Si dice sociale – in un sistema culturale bene determinato – ciò che agisce ed esprime compiutamente sé stesso e l’altro, alla fin fine il bene, la felicità, il piacere, l’utile e l’amore proprio e dell’altro, all’interno di una socialità compiuta.
Ragionateci, amici: etico e sociale sono sinonimi con una compenetrazione esaltante.
Avviene così che uomini di immensa bontà e intelligenza, militino in campi avversi. Molti uomini di immensa bontà e intelligenza, credono ancora – e ci pare tanto assurdo da poterli ritenere colpevoli – nelle verità rivelate, diverse di luogo in luogo. Sino a far temere il ritorno di un nazismo, proprio per le ragioni contro ogni ragione della fede.
Non è uno scandalo ch’io ripeta: se papa Wojtila – meno santo di papa Giovanni, ma certo d’eccelsa forza e intelligenza – fosse nato, anziché in una famiglia cattolica di Polonia, in una famiglia musulmana dell’Iran, avrebbe avuto una altrettanto fede assurda e incrollabile della verità rivelata da Maometto.
Ripeto: etico e sociale sono sinonimi. Per maledizioni millenarie, in questo concetto è stata introdotta, sino a divenire dominante, la necessità di una fede. Affermiamo l’esatto contrario. È l’unica via per giungere alla cancellazione dei delitti di ogni tipo, sollecitati da “verità” che sono, quando non imposture, interpretazioni eccessive, a volte sino al fanatismo ed alla persecuzione, di testi e saggi profetizzanti e “poetici”. Ne hanno preso l’effettiva gestione i peggiori: i politici, i militari e i finanzieri.
Le guerre, le violenze, le tragedie continueranno sino a che esisteranno fedi che non siano la sola fede dell’uomo per l’uomo.
Abbiamo in noi, ciascuno – come ogni altro animale e come gli altri organismi viventi – le nostre capacità e possibilità. È a queste che dobbiamo richiamarci, momento per momento, per arrivare alla consapevolezza, alla tolleranza, alla non violenza e alla pace. La consapevolezza soprattutto della vita, solo materiale, il che non toglie, anzi moltiplica, il dovere dell’etica e della socialità.
L’anticlericalismo rinasce, purtroppo, dalla sempre più pesante presa di possesso nel campo economico e mediatico degli uomini peggiori “di fede”, stato via stato, nazione via nazione.

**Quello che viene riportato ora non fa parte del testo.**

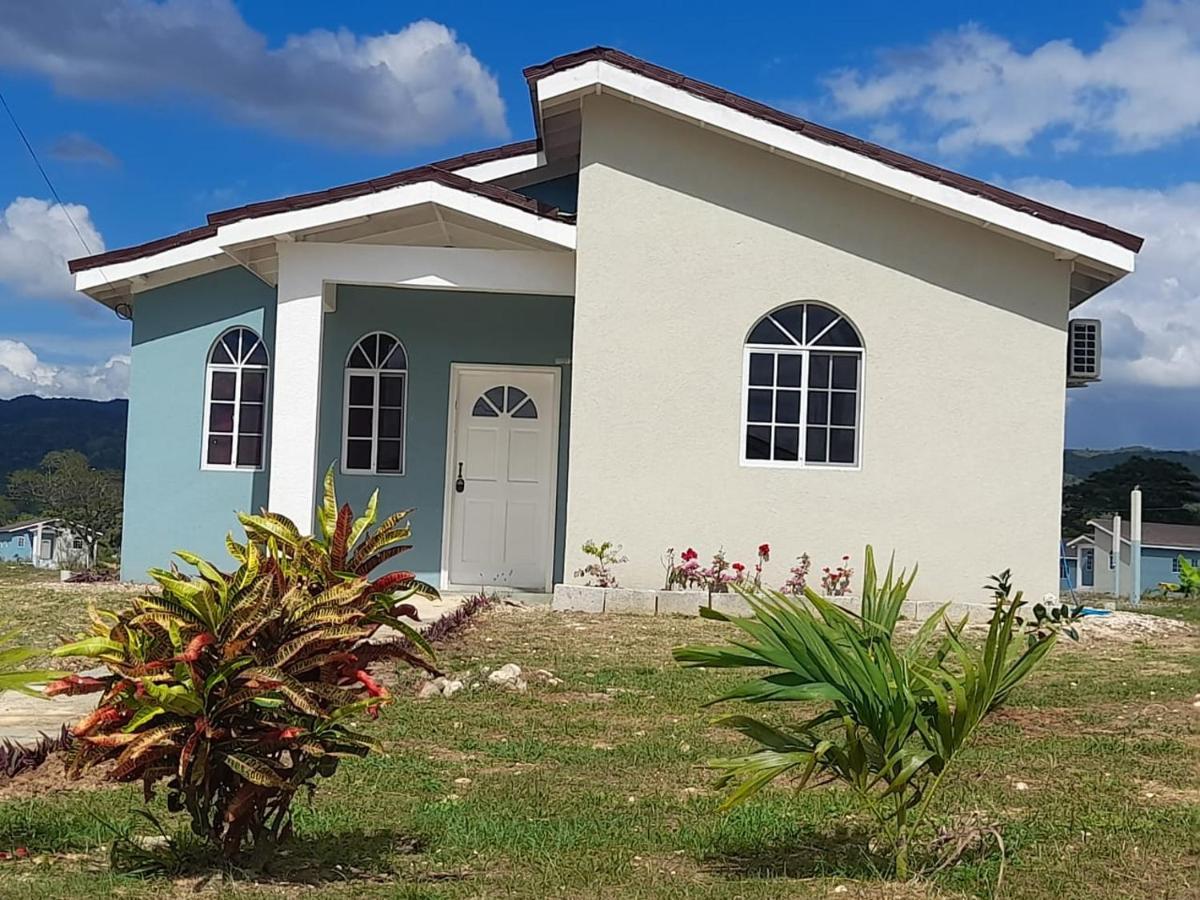 Loodik Vacation Home Brompton Manor Black River Esterno foto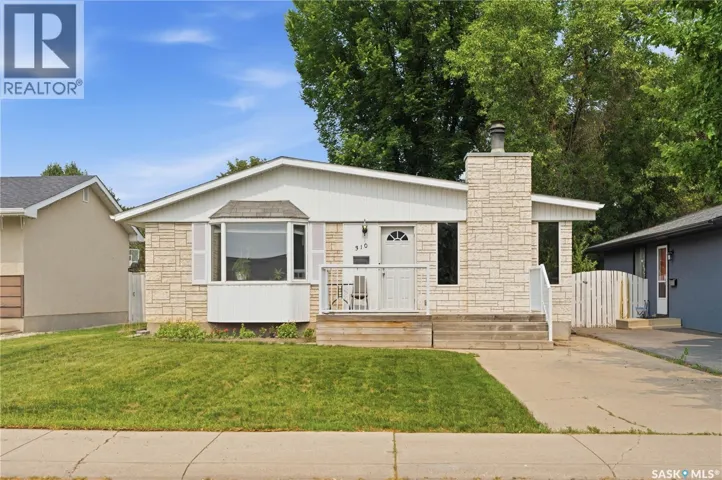 310 Douglas CRESCENT, Saskatoon, Saskatchewan S7L4T4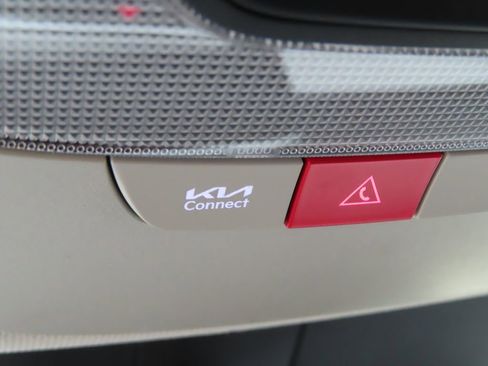 New 2026 Kia Sorento S AWD/4WD image 13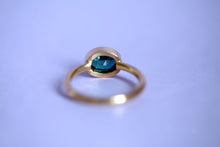 Lade das Bild in den Galerie-Viewer, Ring aus 750er/18k fairem Gelbgold mit einem blau-grünen ovalen Turmalin in einer Zargenfassung. Ansicht Ring von hinten.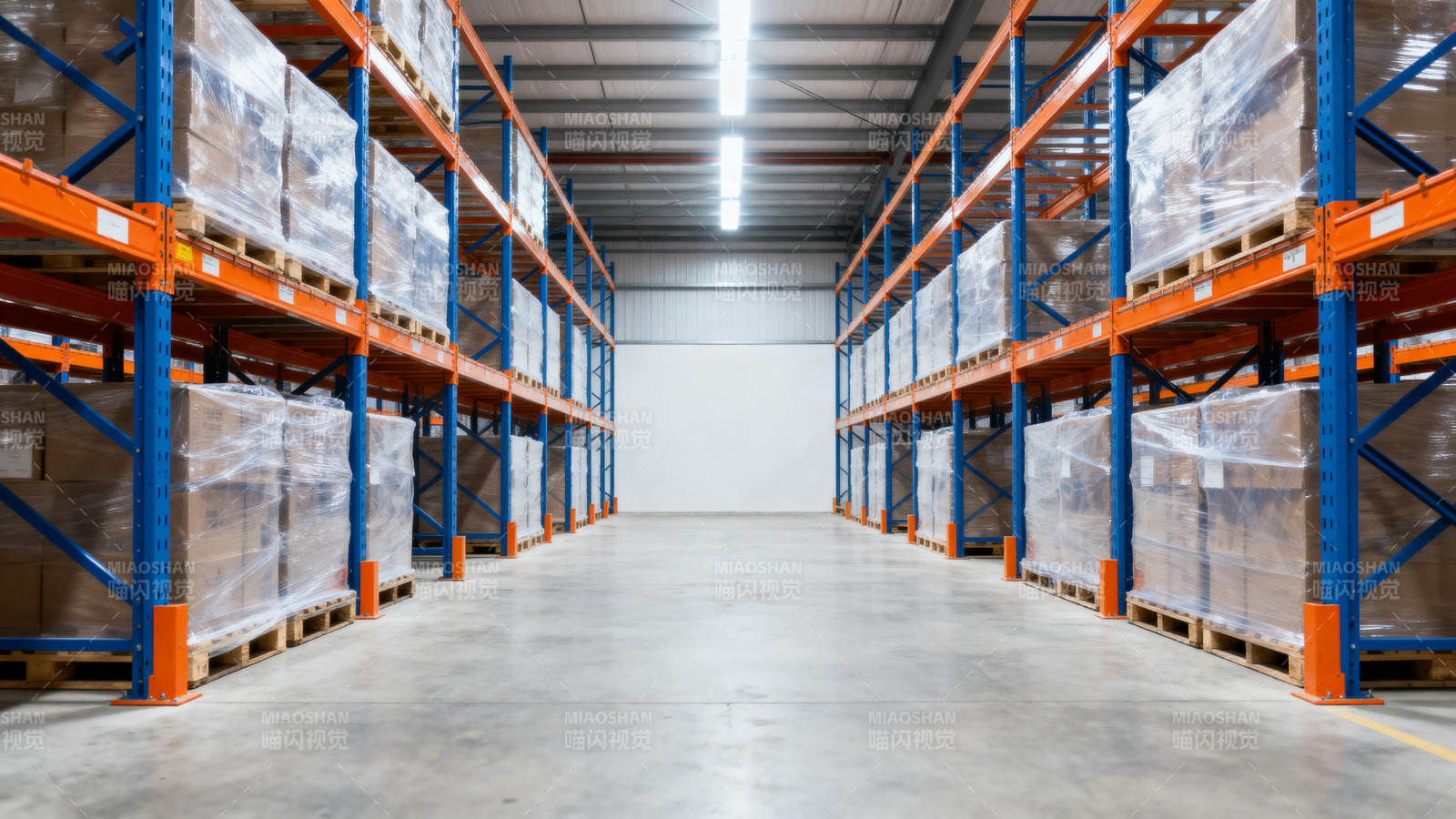 宽敞明亮的仓库内部图片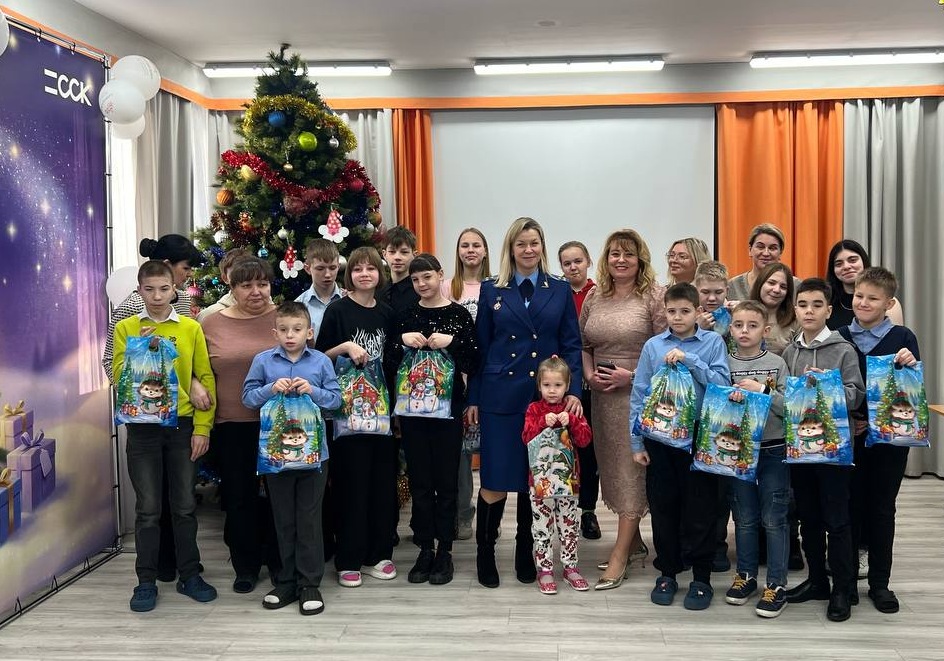 Прокуроры Калининградской области поздравили воспитанников центра &laquo;Надежда&raquo; с Новым годом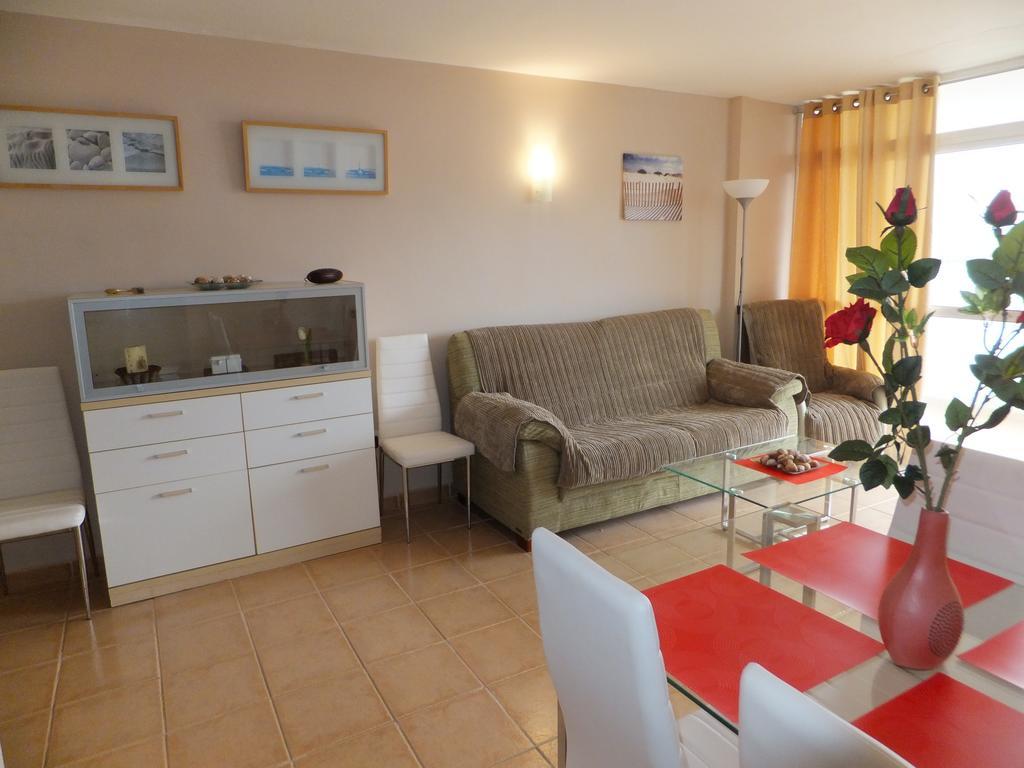 Apartamento Bahia Dorada エステポナ エクステリア 写真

Uomini di fede, e proprio perciò giustificati ad imporre la propria.
È banale citare il fatto incontrovertibile che nella nostra Italia tutti i mezzi di comunicazione – tutti senza esclusione alcuna – aumentino gli spazi dedicati alle religioni; com’è logico, in particolare cattolica o cristiana.
Meno banale, anzi funesto sino a far temere la fine della Terra (la Terra è l’anima) per eventi sempre più continui e catastrofici nati dalle fedi ed attuati da chi ne trae macabri profitti.